Il Sindaco scrive: «Non sono stati impiegati mezzi militari, né tanto meno armi. Solo due gru a sostenere la nostra bandiera, un fuoristrada e una tenda da campo».

Queste foto dimostrano chiaramente che oltre alle due gru porta bandiera e al fuoristrada, vi erano anche altri mezzi di notevoli dimensioni disposti da un lato e dall’altro delle gru, corredati di cartelli didascalici. Quanto alle rassicurazioni circa la mancata presenza di armi, sembra davvero il minimo da garantire nel corso di una manifestazione pubblica in cui erano state invitate le scuole.

Prosegue dicendo: «Chi parla di “giubbotti antiproiettile” indossati da bambini distorce solamente la realtà e lo fa in maniera del tutto capziosa. Trattasi, invece, di dispositivi di protezione individuale consegnati ai partecipanti per tutelare la loro incolumità in caso di cadute durante il mini percorso ginnico».

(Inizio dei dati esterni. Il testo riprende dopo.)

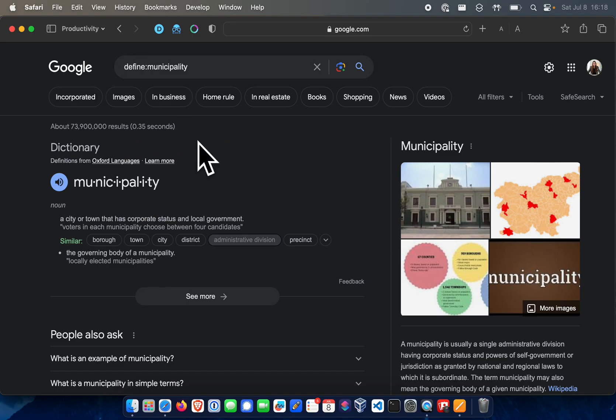So now you can see that Google gave me the definition of municipality. And that is how you use a Google bookmarklet.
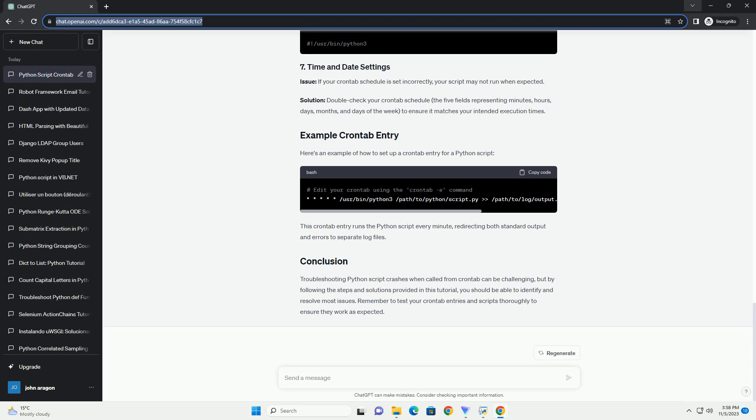Issue: The user executing the crontab may lack the necessary permissions to run the Python script or access certain resources. Solution: Ensure that the crontab is executed with the correct user and group permissions. You can specify the user in your crontab entry. Make sure the user has the appropriate permissions to run the script and access required files.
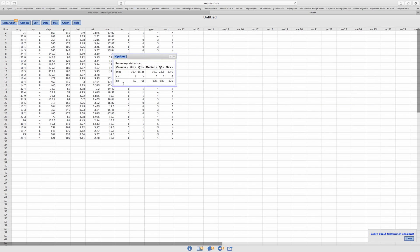All three variables — Min, Q1, Median, Q3, and Max — which is great. Thank you.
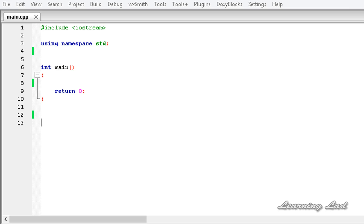Hi, this is Anil and welcome to the video tutorial for the Learning Lad on C++ programming. In the previous tutorial we learnt how to explicitly overload the generic function with normal functions, or in other words, we learnt explicit specialization on generic functions.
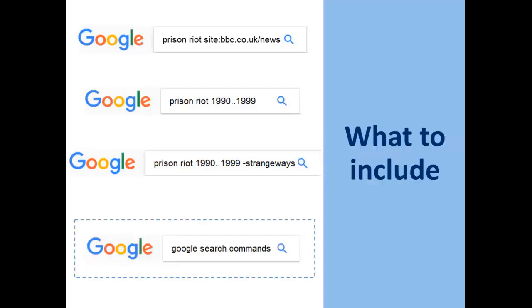There are many more ways of controlling Google results to make it work for you. To find out about them, try Googling 'Google search commands'.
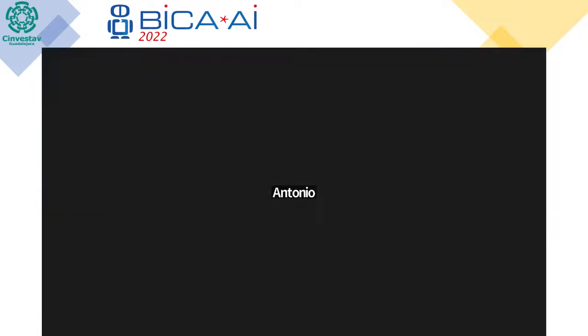Okay. Whenever you're ready, you can begin sharing. Okay, I'm sharing.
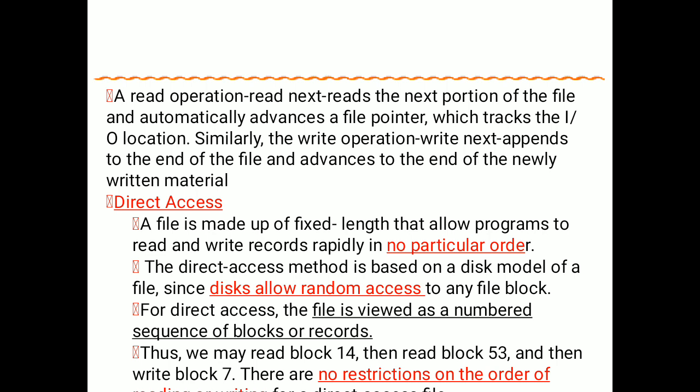Another method is direct access. A file is made up of fixed-length records that allow programs to read and write records rapidly in no particular order. In sequential access we must access information in ordered fashion, but in direct access method there is no particular order — it can be accessed in random fashion. The direct access method is based on the disk model of a file, since disk allows random access to any file block. As seen in memory allocation topics, a file stored on disk is stored in random block locations, not in ordered fashion.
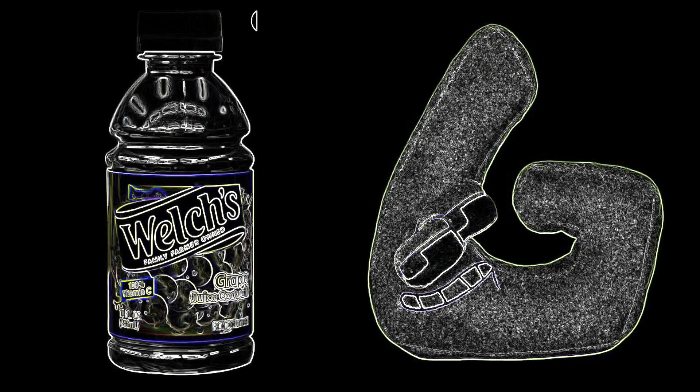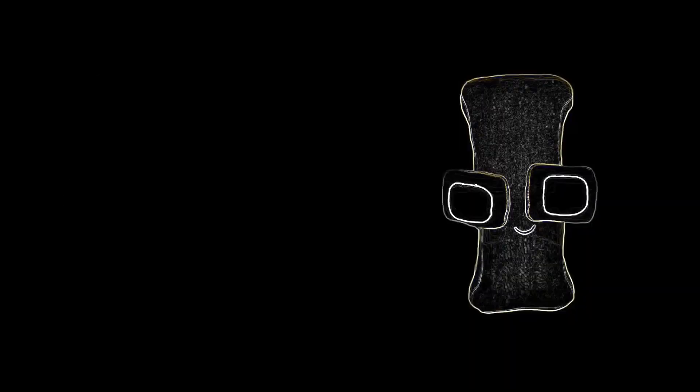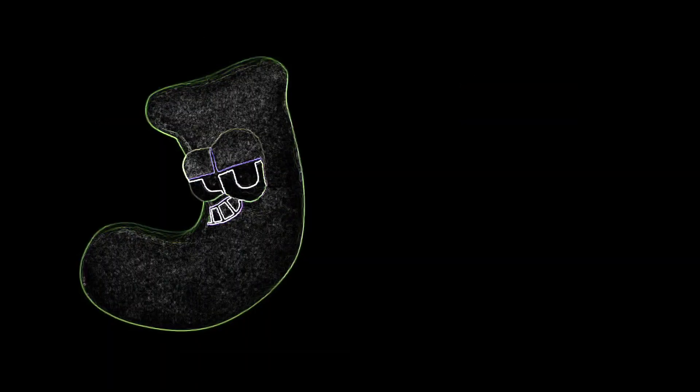H: Hot chocolate. I: Ice cold water. J: Jell-O smoothie.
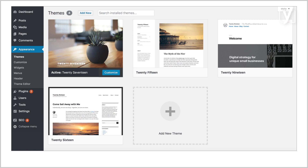WordPress comes upon installing with a set of pre-installed themes to choose from. It's very possible that none of these themes are to your liking, or that they don't meet your specific needs. But the beauty of WordPress is that it comes with a huge community, which means that there are tons of third-party themes to choose from, both paid and free.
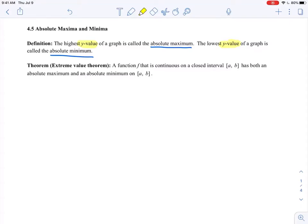First we want to talk about in what instances will I have absolute extrema, because you won't always have an absolute extreme value — you may not always have an absolute maximum or an absolute minimum. So here we have the Extreme Value Theorem. It says a function f that is continuous on a closed interval a to b has both an absolute maximum and an absolute minimum on that closed interval a to b.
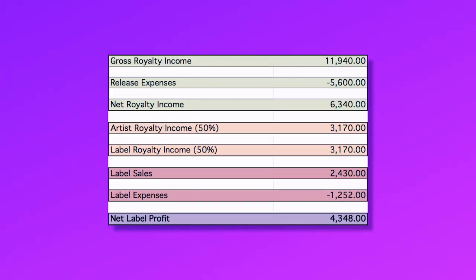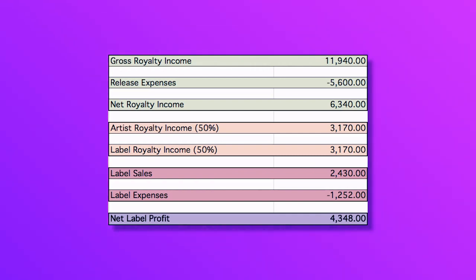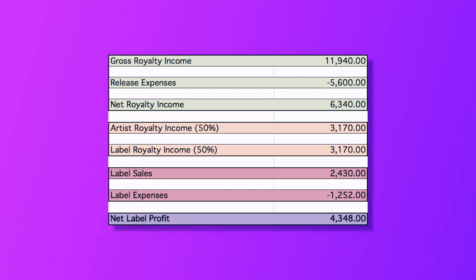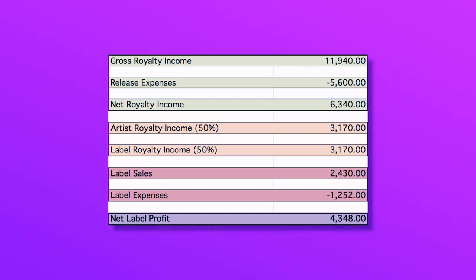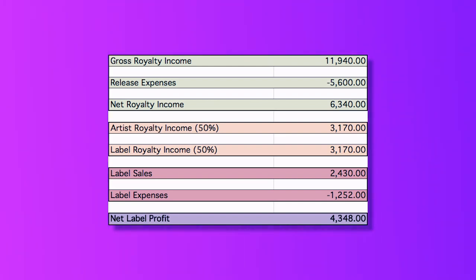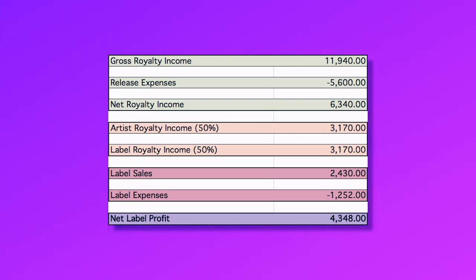Here is an example illustrated by a small indie record label's profit and loss summary. The gross royalty income is $11,940. Release expenses were $5,600, giving a net royalty income of $6,340, split equally — $3,170 each to the artist and label. There were additional label sales of $2,430 from merchandise or sync, and label expenses of $1,252, giving a net label profit of $4,348 for that month.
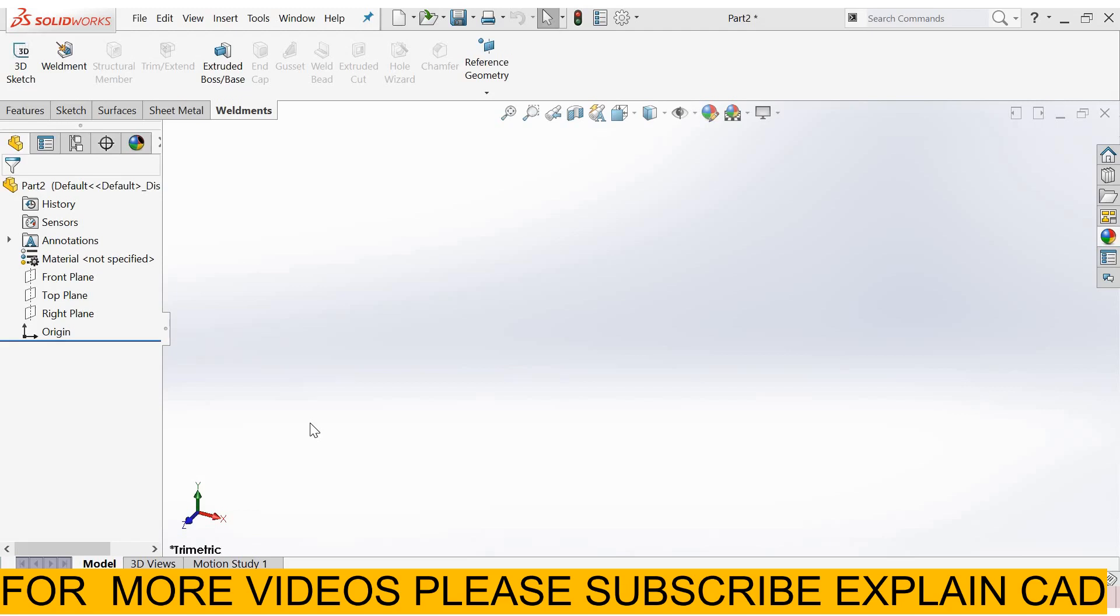Welcome back to Explain CAD. In this tutorial we will learn about weld bead. First of all we create a part.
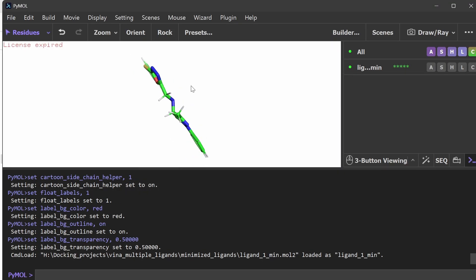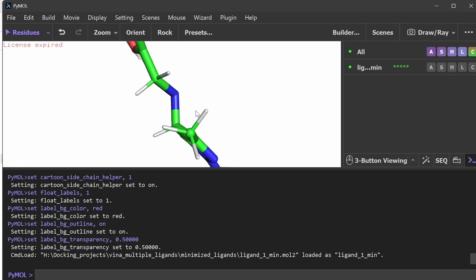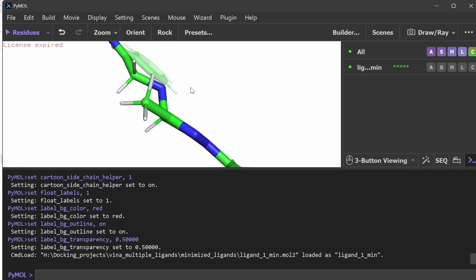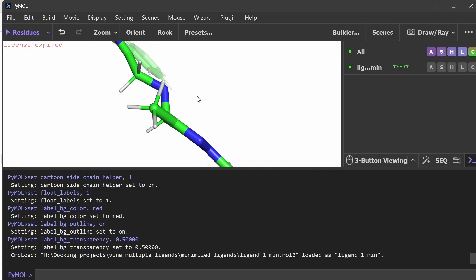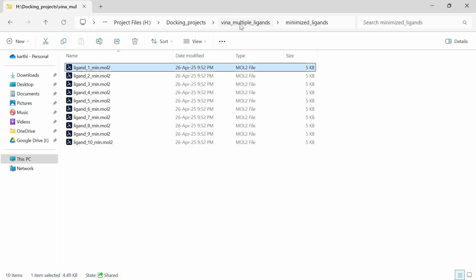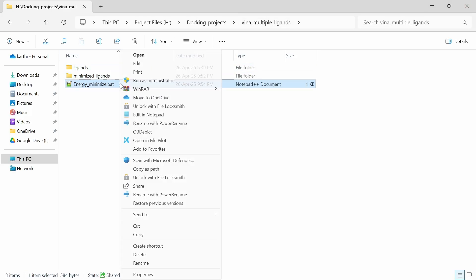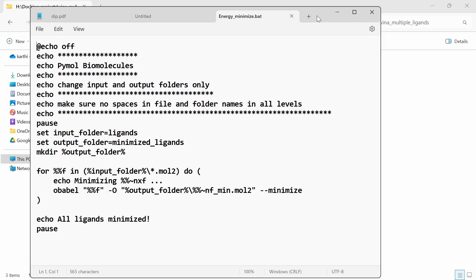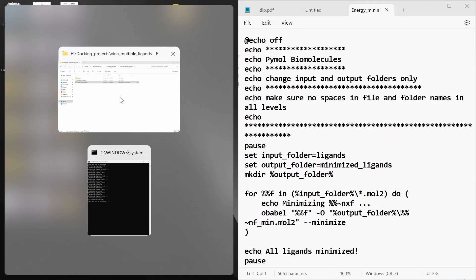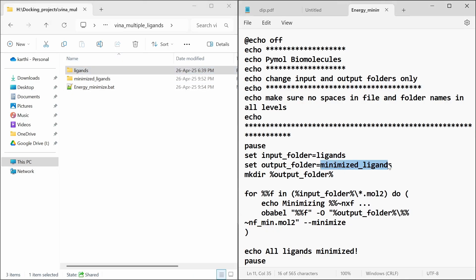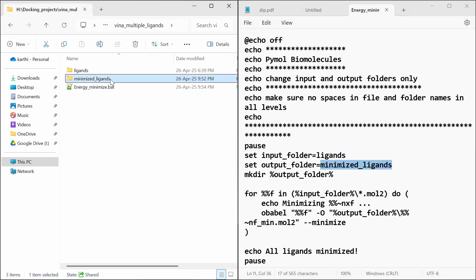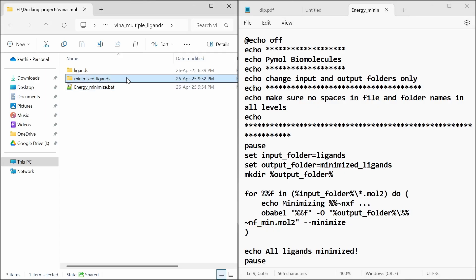You can see most of the bonds are flat and the hydrogens are energy minimized — all the atoms are minimized. Now I am going to show you how to minimize ligands easily using this batch file. Here you have to change the input folder and the output folder. The input folder is 'ligands' and the output folder is 'minimized_ligands'. If the output folder is not available, it will be created.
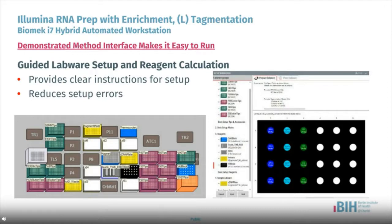After the user has selected their run parameters, the guided labware setup provides a graphical interface to assist with deck setup, including the required number of tips, consumables, and calculated required reagents. This setup is dynamic and will change according to user input parameters, so that unnecessary reagents or labware will not be shown during the course of the run.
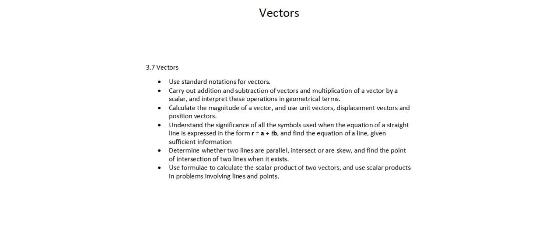Standard notation, addition and subtraction of vectors, multiplication by a scalar, and calculation of magnitude, along with the concepts of unit vector, displacement vector, and position vector, are all concepts from IGCSE.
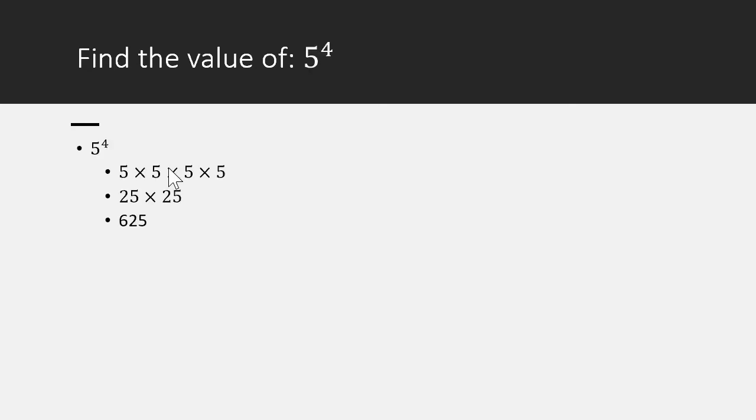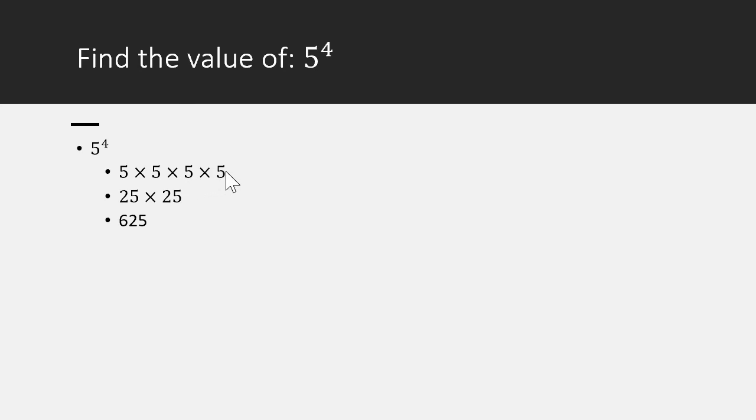Last one is 5 power 4. What is 5 power 4? This is interesting because you have a huge number, 625, as an answer. But let's see how to solve it. 5 power 4 means we have to multiply 5 with itself 4 times. So 5 times 5 times 5 times 5. What is 5 times 5? 25. What is 5 times 5? 25. 25 times 25 is 625.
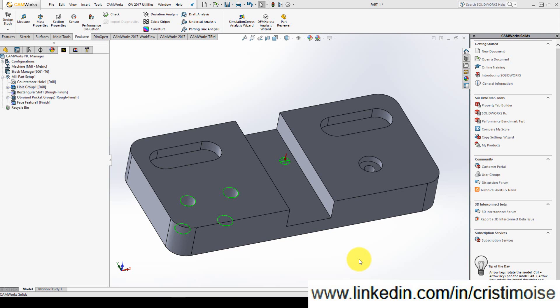But where is my zero point? Because I need to tell my operator which is the G54 for this part or the origin of the program or zero program, any way you call it.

Nei video che segue (clicca qui per il video), il militare addetto ad illustrare il percorso di Military Fitness lo definisce per ben due volte GAP, acronimo, appunto, di Giubbotto AntiProiettile. Non solo, lo stesso militare specifica che lo stesso verrà fatto indossare alla fine del percorso e non durante lo stesso a guisa di dispositivo antinfortunistico.

Le foto e i video, inoltre, dimostrano chiaramente che i bambini impegnati nel circuito non lo indossavano e che quindi lo stesso non era deputato a «tutelare la loro incolumità in caso di cadute durante il mini percorso ginnico». Dalle foto e dai video appare evidente che il giubbotto viene fatto loro indossare solo alla fine del percorso come elemento prettamente scenografico.

A fronte di cotanta evidenza non occorre commentare ulteriormente le parole del Sindaco. La verità si difende da sola. Le pubblicazioni di tali foto e video servono solo a fornire ai cittadini degli strumenti che consentano loro di giudicare chi è che «distorce la realtà in maniera capziosa»!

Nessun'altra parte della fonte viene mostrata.